It's hard - at least for me - to find out why a certain edit was removed. Those diff-comparison and history buttons aren't useful enough to me. May be "Reference or Citation" is needed. But this is not applicable all the time. "Most of the Egyptians eat foul (beans) in breakfast", this is a fact, but can you really find me a book that states such fact!? Arabs prefer to use Latin letters and numbers to write Arabic text on devices that doesn't support Arabic, and in Egypt they call it FrancoArab. Now give me a book that statues such fact. Arabs use the word "bedan" in the same way English people use the word "bollocks". Now, go get me books or articles - that by the way. has to be non-blogs - that states such facts!
Aren't wiki's supposed to be non-authoritative systems!? And Wikipedia is too authoritative for my taste. Call me an anarchist if you want, but I like what this guy - who is also not going to contribute to Wikipedia any more - wrote in his blog:
It's a common story in the human species. First, we want to achieve a goal. Second, we discover that we are all different[2] and that we need some rules to organize our work.
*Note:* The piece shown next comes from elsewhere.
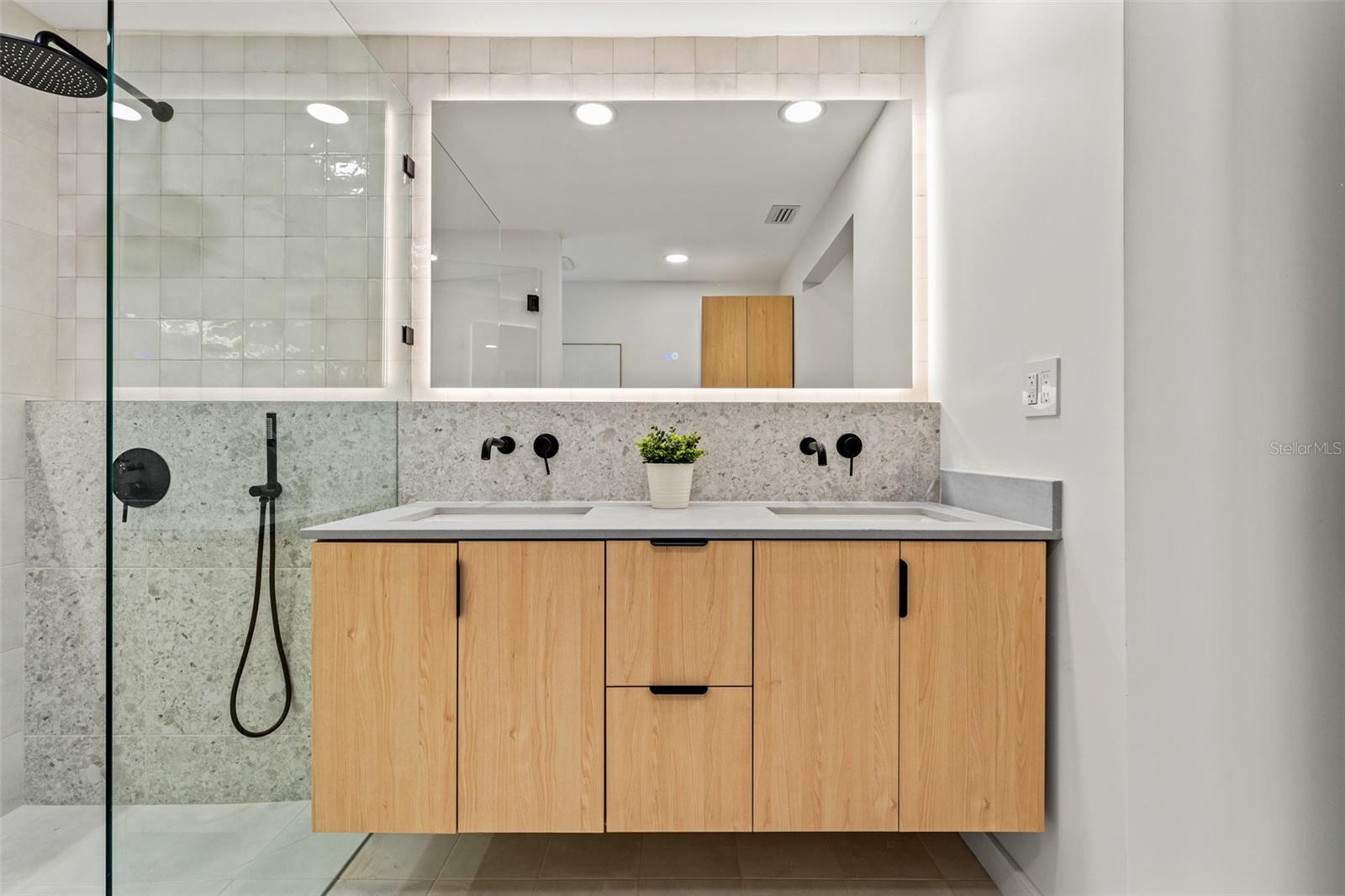 1078 DAMROSCH ST, LARGO, FL, 33771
Third, we make the rules really complicated to fit every corner case. Fourth, we completely forget the goal of those rules and we apply them blindly for the sake of it. Fifth, we punish or kill those who don't follow the rules as strictly as we do.
Finally, someone might argue, Wikipedia is working this way, and it's success is an enough proof that whether I like it or not this is the best way to make it work, and I have to deal with it. OK, fine, may be their current rule set are the super-perfect system out there, but I don't care, I will just stop wasting my time and do edits there while knowing that they will be removed the next day.